Petersen brüllte. Titus begriff nicht, warum. Nicht er, die Klasse lachte! Was konnte denn er dafür?
Die Klasse schwieg wie erstarrt, Joachim kippelte. Petersen stand vor Titus, und Titus konnte sehen, wie Petersens Worte dessen Mund verzerrten.
Aus der Ferne, wie das Glockengeläut, das gerade einsetzte, erreichte Titus eine Ahnung, die, je deutlicher sie wurde, seine Züge entspannte, bis sich ein Lächeln auf seinem Gesicht abzeichnete, ein ganz feines Lächeln. Allmählich verstand Titus, warum Petersen so wütete. Und mit dieser Erkenntnis kam noch eine andere, eine, die er nicht zu benennen wußte, die hell war und licht und die schwarzen Schatten von seiner Seele vertrieb.
Petersen redete weiter.
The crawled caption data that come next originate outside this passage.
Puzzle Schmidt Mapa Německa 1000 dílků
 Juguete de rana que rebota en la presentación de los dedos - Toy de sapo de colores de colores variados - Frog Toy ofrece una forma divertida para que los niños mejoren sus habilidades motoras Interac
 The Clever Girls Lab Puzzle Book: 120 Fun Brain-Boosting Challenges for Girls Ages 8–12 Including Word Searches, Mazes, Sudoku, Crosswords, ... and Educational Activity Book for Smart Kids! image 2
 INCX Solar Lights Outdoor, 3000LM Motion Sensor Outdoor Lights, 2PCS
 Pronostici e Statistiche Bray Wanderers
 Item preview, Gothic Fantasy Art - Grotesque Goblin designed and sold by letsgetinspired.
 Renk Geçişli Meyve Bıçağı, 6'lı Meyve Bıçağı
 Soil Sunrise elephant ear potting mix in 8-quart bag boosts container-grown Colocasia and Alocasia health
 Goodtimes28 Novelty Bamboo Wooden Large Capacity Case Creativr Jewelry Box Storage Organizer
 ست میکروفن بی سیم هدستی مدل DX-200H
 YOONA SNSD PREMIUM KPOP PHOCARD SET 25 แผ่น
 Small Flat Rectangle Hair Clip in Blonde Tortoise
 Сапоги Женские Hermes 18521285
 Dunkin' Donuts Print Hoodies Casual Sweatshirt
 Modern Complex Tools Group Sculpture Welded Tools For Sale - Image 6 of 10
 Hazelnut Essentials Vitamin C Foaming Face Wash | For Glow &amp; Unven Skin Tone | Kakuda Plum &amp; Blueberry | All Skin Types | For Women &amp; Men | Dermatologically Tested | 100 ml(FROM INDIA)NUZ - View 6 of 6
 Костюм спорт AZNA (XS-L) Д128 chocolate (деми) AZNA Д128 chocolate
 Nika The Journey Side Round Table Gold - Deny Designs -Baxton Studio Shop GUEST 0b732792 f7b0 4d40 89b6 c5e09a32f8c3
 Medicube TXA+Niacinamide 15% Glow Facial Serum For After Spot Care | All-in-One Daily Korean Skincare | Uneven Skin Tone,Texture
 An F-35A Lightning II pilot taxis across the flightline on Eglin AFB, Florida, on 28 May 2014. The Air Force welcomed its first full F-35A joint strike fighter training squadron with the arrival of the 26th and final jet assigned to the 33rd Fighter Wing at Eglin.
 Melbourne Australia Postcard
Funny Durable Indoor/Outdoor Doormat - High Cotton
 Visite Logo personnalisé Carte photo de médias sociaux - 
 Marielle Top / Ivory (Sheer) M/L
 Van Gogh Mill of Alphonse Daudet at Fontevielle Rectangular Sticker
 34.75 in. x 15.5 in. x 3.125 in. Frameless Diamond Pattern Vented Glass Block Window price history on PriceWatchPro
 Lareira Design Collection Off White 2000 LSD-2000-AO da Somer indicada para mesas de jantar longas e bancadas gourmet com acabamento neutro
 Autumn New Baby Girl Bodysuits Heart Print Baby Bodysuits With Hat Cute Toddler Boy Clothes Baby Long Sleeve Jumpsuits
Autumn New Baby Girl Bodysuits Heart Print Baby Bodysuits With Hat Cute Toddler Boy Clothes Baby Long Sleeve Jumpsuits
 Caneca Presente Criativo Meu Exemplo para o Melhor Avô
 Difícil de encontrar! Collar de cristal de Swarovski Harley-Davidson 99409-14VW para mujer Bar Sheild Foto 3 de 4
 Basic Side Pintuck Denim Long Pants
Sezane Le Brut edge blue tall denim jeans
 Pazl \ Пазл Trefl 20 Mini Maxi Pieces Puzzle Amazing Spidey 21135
Sein Speichel traf ihn am Kinn. Titus nahm die Arme auf den Rücken. Sein Körper war leicht und gespannt, von keiner Anstrengung zu erschöpfen. Er würde singen, er würde zusammen mit dem Maestro Sanddorn singen. Und er würde Gunda Lapin Modell sitzen, ihr zuhören, ihr erzählen.
Titus sah die windschiefen Wolken, ein weißliches Gelb und dunkles Blaugrau. Bei der Vorstellung, daß ihm die Knie gezittert hatten, lachte er auf. Er würde Bernadette von seinen zitternden Knien erzählen, um sie aufzuheitern. Und in der Art, wie er über sich selbst sprach und lachte, würde auch sie verstehen, was er eben verstanden hatte.
Titus legte die drei Blätter übereinander, faltete sie sorgfältig zusammen und begab sich, wie von Petersen gefordert, zurück auf seinen Platz.
Mitternacht war schon lange vorbei, aber der Gefreite Türmer konnte nicht schlafen. Auf das Lenkrad gestützt, fixierte er den Thermostat seines SPWs. Der Zeiger näherte sich dem roten Feld. Der Gefreite Türmer fragte sich, ob er den Mut aufbringen würde, ein Partisan, ein Agent, ein konsequenter Kriegsgegner zu sein und die Motoren des SPWs so heiß laufen zu lassen, daß sich die Kolben festfräßen. Doch jedesmal wenn der Zeiger das rote Feld überquerte, hatte der Gefreite Türmer die Kurbel betätigt und die Jalousien über den Motoren geöffnet. Und jedesmal war die Temperatur sofort gesunken und der Zeiger in die Senkrechte zurückgekehrt.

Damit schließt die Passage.